Ein Auto mit dem Kennzeichen `H´ für     Hannover fuhr vorbei. Zwei Personen saßen drin, ein Mann und eine Frau, die den Wagen lenkte. Leichte Panik stieg auf. Das waren bestimmt die ermittelnden Kommissare. Wie im Fernsehen  fuhren sie die luxuriöse Ausführung einer        deutschen Automarke, deren Neupreis das eigene Jahreseinkommen überstieg. Was war zu tun? Als Erstes war Ruhe zu bewahren. Bisher hatte alles gut geklappt. Es gab keine Augenzeugen, das war ziemlich sicher. Vielleicht ein paar, die das      Aufeinandertreffen gesehen hatten, aber das war ja nichts Ungewöhnliches. Was später geschehen war, hatte kein Dritter mitbekommen. In dieser Nacht waren viele Menschen unterwegs. Viele Menschen, aber keine aufmerksamen Beobachter. Wenn man nicht entdeckt werden will, dann wird man auch nicht entdeckt. Auch in einer Nacht nicht, in der die halbe Stadt unterwegs ist. Was war mit den Spuren? Die Spuren an der Flasche waren das Einzige, um das man sich Sorgen machen musste. So ein Ärger, dass das Abwischen des Flaschenhalses vergessen wurde. Die Spuren an den Türen, der Vitrine im Folterraum usw. waren alle erklärbar, nur an dieser blöden Flasche nicht! Aber schließlich hat doch jeder mal Glück im  Leben. Im eigenen war das Glück bisher eher   zurückhaltend gewesen, deshalb war es jetzt wohl an der Zeit, Glück zu haben. Und sonstige Spuren? Fußabdrücke? Waren wahrscheinlich vorhanden, aber auch zu erklären. Zum Glück war nur auf der Schuhspitze etwas Blut und nicht an der Sohle. Auch darauf wurde geachtet. Nicht ins Blut treten. Der Fleck auf dem Schuh ließ sich abwischen. Klar, mit einem entsprechenden Gerät wie im Fernsehen konnte die Polizei das Blut wieder sichtbar machen. Aber mit so einem Gerät liefen sie ja nicht ständig herum. Wir sind hier schließlich nicht in Miami und die Polizei ist nicht die CSI! Und die Kleidung? Die war auch ein       Problem, aber nur ein kleines. Die durfte nur nicht entdeckt werden. Sie zu entsorgen war jetzt gerade nicht sehr schlau. Also, das Wichtigste war im Moment, Ruhe zu bewahren. Die Kleidung, die gerade getragen wurde, war sauber. Die Schuhe geputzt, man selber geduscht. Nichts konnte auf die Geschehnisse der letzten Nacht hindeuten. Einfach nur Ruhe bewahren und abwarten. Ruhe bewahren.

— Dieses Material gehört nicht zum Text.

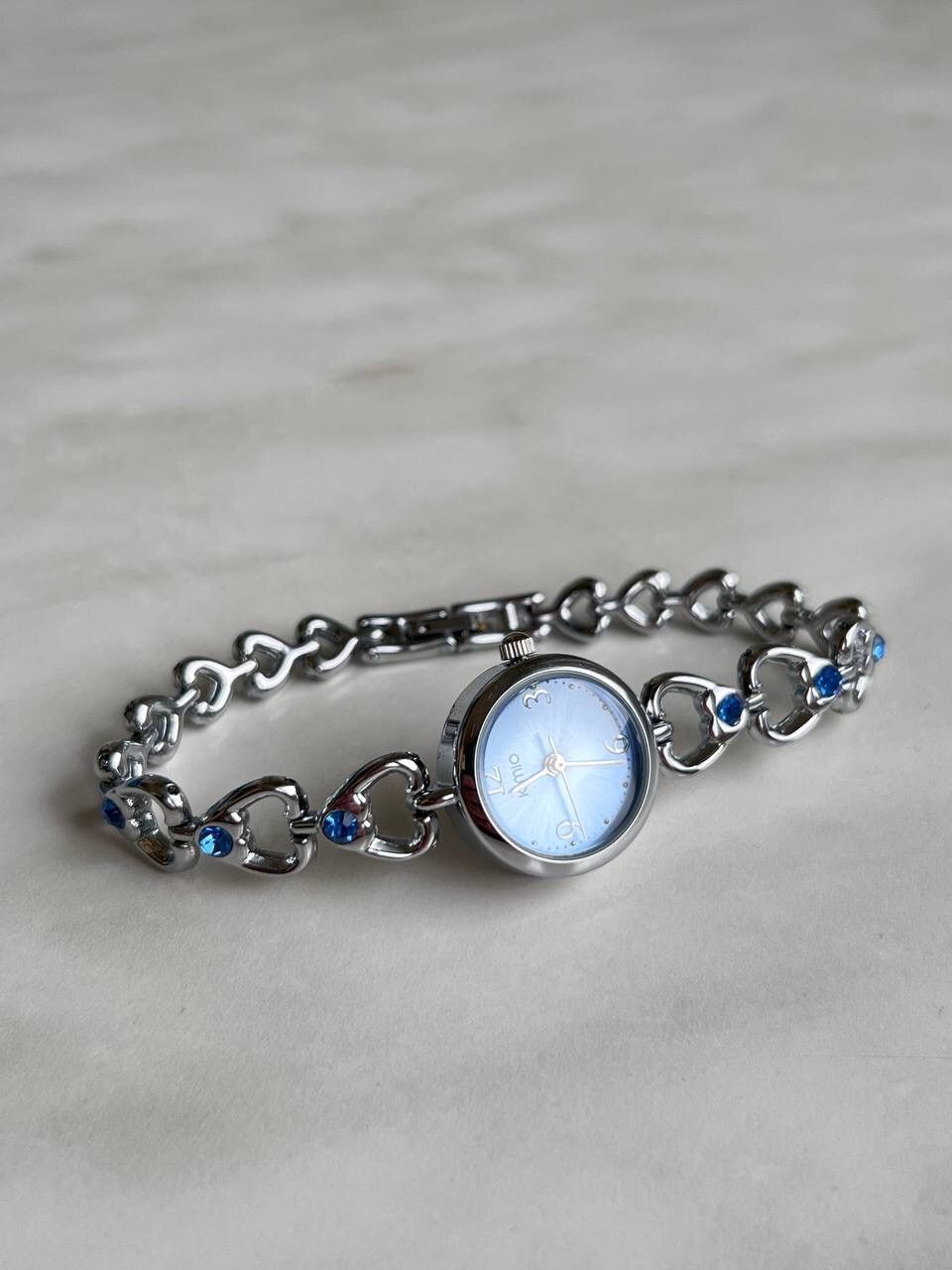Japanese Brand × Vintage Vintage ❤️ Heart Japanese style futuristic Steel Watch Size ONE SIZE - 1 Thumbnail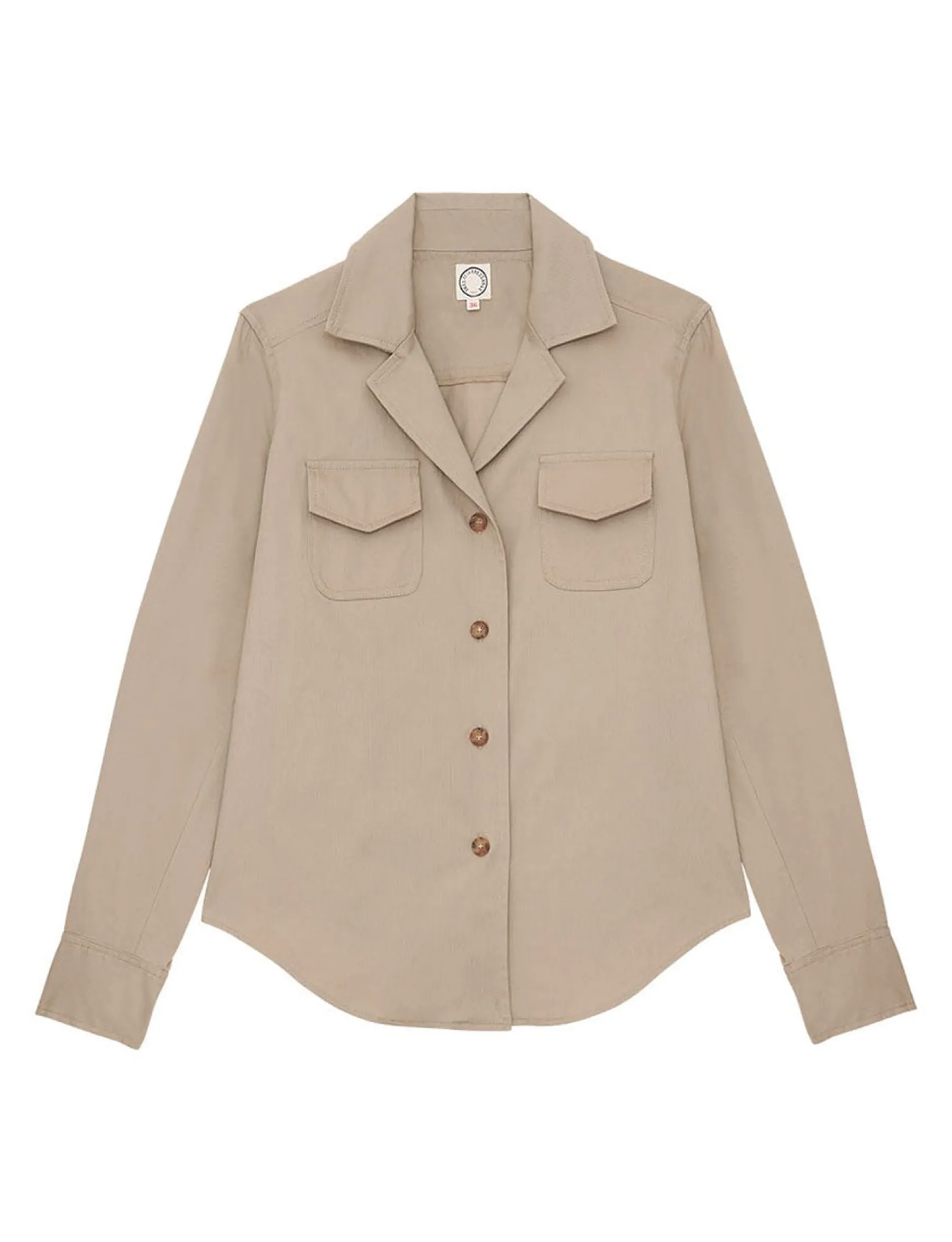 Fashion Ines de la Fressange Paris Evana beige shirt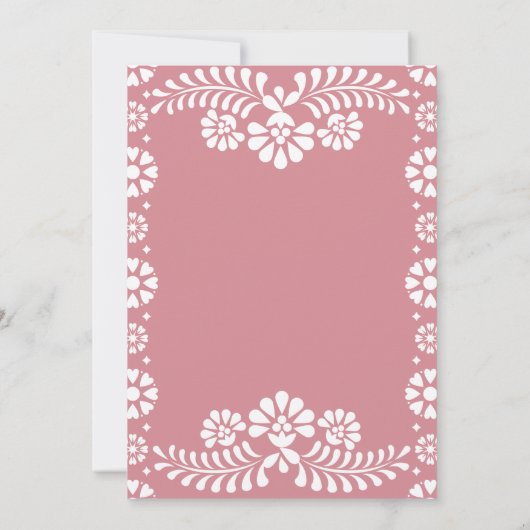 Cielito lindo staubige rosa mexikanische Babydusch Einladung (Rückseite)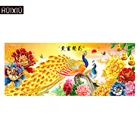 Алмазная 5D Вышивка сделай сам, мозаика, Цветок Удачи, золотой пиафин, пион, полноразмерная картина, вышивка крестиком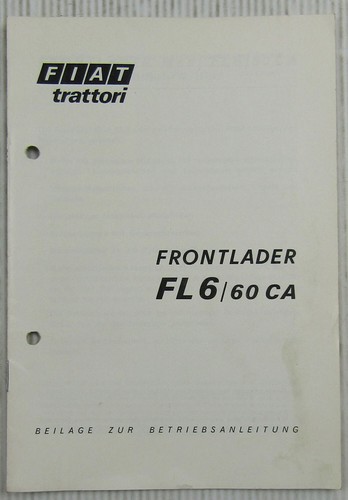Fiat trattori fl6 60ca - trattori,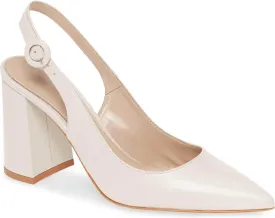 Women's Pointed Toe Block Heel Pumps Slingback Chunky Heel Slip On Work Party Dress Shoes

Das war das Schwierigste. Schließlich war er der erste Tote, den man selber zum Toten gemacht hatte. Der Kopf tat weh. Kam das vom Alkohol oder von dem, was geschehen war? Meldete sich das schlechte Gewissen? Nun war keine Zeit für das schlechte Gewissen. Nun galt es, sich        möglichst unauffällig zu verhalten, denn die beiden Personen aus Hannover stiegen gerade aus dem Auto.